Transferred to Gherla in August 1951, Gheorghe Calciu remained under the influence of the Piteşti Reeducation experiment, remaining an informant of the prison administration. Yet, he started looking for a refuge in work.

Later, after he was transferred to Jilava prison, he cut his wrists to offer his blood to Constantin Oprişan, who was severely ill, according to Fericiticeiprigoniti.net.

“The Securitate (political police) organized so that every prison cell had a destructive prisoner – either morally, or physically. They gave us Costache Oprişan, who litterally spit his lungs out – I am not speaking metaphorically, for the man would spit every morning blood clots and lung pieces. […] We managed to resist because we grouped around Constantin Oprişan, who was a very special man, a real saint!”

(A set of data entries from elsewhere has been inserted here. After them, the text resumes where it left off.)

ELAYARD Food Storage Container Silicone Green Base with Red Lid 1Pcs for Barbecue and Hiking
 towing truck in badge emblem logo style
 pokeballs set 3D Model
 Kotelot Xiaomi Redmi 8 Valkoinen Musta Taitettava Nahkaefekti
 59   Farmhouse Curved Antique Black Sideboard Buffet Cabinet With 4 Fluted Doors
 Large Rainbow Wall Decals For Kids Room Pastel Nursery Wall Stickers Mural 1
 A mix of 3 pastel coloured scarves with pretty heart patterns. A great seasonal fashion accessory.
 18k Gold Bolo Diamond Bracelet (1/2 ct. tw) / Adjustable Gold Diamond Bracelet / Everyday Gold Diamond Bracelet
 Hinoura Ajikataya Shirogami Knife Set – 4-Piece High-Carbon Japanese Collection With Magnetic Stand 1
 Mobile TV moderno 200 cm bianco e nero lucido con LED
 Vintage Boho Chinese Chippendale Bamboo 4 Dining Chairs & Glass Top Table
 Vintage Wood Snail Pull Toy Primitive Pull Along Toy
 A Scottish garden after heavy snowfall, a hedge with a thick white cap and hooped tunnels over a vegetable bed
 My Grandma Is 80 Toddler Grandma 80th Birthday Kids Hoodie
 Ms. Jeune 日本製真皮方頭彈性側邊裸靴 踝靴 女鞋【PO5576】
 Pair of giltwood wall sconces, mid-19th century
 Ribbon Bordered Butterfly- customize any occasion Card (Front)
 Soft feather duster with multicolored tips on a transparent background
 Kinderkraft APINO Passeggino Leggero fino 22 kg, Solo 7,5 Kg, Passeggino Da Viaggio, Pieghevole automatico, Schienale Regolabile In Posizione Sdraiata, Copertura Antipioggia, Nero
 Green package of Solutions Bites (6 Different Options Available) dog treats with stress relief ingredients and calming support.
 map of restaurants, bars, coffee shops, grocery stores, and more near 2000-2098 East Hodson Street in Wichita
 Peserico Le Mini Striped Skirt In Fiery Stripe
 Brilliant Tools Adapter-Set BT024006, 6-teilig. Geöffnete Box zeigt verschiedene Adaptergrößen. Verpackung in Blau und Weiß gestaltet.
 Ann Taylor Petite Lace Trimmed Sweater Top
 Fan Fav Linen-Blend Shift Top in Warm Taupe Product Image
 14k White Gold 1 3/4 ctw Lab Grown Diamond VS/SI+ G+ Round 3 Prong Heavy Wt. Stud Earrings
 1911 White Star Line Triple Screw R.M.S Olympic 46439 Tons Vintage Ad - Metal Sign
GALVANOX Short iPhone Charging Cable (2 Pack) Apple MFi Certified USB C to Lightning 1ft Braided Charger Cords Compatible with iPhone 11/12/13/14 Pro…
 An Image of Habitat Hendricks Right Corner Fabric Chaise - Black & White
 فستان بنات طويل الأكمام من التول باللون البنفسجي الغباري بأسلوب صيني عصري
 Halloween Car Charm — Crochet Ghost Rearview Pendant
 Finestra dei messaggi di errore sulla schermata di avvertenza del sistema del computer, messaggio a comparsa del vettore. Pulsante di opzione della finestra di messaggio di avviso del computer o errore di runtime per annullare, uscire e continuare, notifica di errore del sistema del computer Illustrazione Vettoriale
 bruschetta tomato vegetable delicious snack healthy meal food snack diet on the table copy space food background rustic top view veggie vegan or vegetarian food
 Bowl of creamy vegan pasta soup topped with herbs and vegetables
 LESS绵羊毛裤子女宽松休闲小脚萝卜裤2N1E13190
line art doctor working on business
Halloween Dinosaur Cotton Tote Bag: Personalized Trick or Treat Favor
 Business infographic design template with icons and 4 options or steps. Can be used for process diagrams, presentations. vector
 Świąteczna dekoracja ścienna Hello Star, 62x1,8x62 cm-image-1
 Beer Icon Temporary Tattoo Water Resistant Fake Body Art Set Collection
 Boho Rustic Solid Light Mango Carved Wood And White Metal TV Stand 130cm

“After the inferno of fall and doubt, now I was in heaven. I had structure, courage, strenghth. I regularly fought the guards for Costache Oprişan! They beat me, but I did not feel the pain at all!”

He was released in 1963 and was forced-domiciled in Viişoara. He was under constant surveillance by Securitate but refused to collaborate. He took his bachelor’s degree in Philology in 1967. Then, under the protection of Patriarch Justinian, he graduated from the Theology Faculty and was ordained a priest, just as he had promised God while he was still in jail.

In 1978, during the Great Lent, Father Gheorghe Calciu reacted against the church demolitions in the famous sermon series “Seven Words to the Young Generation”. As a consequence, he was sacked from his position at the Seminary, he became famous through Radio Free Europe and the Securitate tried to stain his reputation – unsuccessfully though. He started to receive threatening phone calls and his family lived under terror. He did not step back.

He was arrested again on March 10, 1979, and sentenced to 10 years of prison under the pretext of his involvement in Romania’s Free Syndicate of the Working People.

He was imprisoned in a Psychiatry ward, then transferred to Aiud, in the same cell with two criminals who were told to kill him. After repeatedly talking to him, they refused to carry this plan through.

Fr Gheorghe Calciu and President Ronald Reagan. Photo: The White House

After international pressure, including from Ronald Reagan, Margaret Thatcher and Pope John Paul II, Gheorghe Calciu was released in 1984 and forced to leave the country with his family in 1985. His defrocking was pronounced by the Romanian Orthodox Church in 1984 and annulled by Patriarch Teoctist after 10 years.

In the United States, he first worked as an unqualified worker, then became a parish priest in Washington.

He was received at the White House twice: first by Ronald Reagan, then by George Bush Sr.

After the fall of communism, Father Calciu travelled annually to Romania. According to his wish, after he passed away, he was laid to rest, on November 21, 2006, at the Petru Vodă Monastery, in the county of Neamţ.